Using wires for communication and power imposes several constraints on users. Wires need to be hooked up correctly and can get in the way of the motions you want your robot to execute. Also, the centralized brick provides several limitations, as sensors and motors must be within a cord's length of the brick in order to be functional, as well as in the number of the components that can be used at a time.
The Distributed EV3 system would consist mostly of classic LEGO bricks, with several of the bricks containing processors inside. These processors would communicate to a common server (most likely a laptop) using WiFi, eliminating the need for wires and a brick. These processors would be able to run sensors and motors, allowing the user more flexibility in designing robotic projects. This model also allows the user to make projects where the components do not need to maintain any proximity amongst each other. This change allows the user to explore possibilities that were not feasible before. For example, one can have an alarm in one's room triggered by a sensor at the door, or one can measure the temperature at home while at work.

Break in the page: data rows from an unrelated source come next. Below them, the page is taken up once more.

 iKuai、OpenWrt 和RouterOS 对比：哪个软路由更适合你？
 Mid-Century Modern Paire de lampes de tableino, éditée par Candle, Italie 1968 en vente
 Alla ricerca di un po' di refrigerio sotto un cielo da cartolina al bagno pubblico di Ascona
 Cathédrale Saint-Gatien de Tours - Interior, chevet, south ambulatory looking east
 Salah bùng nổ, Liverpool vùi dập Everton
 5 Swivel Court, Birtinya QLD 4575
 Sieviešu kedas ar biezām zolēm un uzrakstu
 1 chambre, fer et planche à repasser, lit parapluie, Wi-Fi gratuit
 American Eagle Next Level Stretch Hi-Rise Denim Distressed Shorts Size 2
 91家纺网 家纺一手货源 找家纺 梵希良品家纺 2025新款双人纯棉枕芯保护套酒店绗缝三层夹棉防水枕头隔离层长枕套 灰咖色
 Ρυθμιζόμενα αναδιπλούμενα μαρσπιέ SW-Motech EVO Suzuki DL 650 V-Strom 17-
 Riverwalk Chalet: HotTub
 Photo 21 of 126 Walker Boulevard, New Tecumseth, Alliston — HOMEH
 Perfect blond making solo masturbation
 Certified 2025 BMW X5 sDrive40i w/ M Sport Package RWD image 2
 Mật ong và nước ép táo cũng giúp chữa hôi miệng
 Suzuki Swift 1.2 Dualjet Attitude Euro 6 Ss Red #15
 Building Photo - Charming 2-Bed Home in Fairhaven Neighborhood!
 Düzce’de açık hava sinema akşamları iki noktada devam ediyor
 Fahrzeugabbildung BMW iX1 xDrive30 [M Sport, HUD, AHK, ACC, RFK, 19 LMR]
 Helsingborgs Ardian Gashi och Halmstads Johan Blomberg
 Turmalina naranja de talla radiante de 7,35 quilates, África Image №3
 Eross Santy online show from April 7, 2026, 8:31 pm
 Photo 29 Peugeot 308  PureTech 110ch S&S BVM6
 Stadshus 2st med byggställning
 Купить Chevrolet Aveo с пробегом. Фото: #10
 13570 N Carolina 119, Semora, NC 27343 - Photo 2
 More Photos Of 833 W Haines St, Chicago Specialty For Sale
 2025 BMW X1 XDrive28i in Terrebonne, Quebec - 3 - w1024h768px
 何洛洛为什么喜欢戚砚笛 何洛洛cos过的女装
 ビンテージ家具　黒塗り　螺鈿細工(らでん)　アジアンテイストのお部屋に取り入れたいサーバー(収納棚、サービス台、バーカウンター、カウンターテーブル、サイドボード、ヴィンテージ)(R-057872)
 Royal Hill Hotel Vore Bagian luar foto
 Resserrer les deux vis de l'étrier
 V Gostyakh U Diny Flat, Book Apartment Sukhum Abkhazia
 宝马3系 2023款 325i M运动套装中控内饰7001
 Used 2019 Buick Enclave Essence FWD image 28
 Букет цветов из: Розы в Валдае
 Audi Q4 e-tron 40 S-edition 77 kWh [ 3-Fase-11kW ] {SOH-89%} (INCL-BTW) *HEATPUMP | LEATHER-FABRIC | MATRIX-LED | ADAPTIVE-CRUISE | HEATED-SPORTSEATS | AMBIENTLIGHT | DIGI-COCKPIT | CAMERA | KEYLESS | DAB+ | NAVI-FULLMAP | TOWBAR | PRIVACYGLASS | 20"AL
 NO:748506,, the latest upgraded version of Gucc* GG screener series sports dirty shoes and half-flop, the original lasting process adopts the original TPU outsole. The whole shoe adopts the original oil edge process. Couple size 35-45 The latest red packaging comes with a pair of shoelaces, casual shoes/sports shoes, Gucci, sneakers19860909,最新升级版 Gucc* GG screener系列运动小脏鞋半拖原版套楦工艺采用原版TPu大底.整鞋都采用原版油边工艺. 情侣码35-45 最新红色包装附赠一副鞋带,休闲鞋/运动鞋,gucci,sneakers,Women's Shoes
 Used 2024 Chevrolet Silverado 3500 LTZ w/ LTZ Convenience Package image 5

The prototype built hosts the server on a laptop written in LabVIEW. The server is always waiting for new actuators or sensors to connect, and when they do, they are assigned a unique connection while the program is running. After this point all components act like the currents sensors and motors do in the EV3, with the only difference being communication follows TCP/IP protocol instead of serial. Intelligence is centralized on the server, but there is capacity of spreading it out throughout the all LEGO bricks.
The LEGO brick is double the size of a normal 2x4 brick (4x8). It contains a small processor, a battery, a charging port, an on-off switch as well as either a sensor or an actuator. Space within a brick is very limited as the aforementioned components along with wiring must be fitted inside the brick. Large scale production of such LEGO bricks would minimize the size of all components, allowing either the use of many sensors within a brick or making the bricks smaller. The prototype model contains bricks that sense light, sound and touch ans a brick with a buzzer.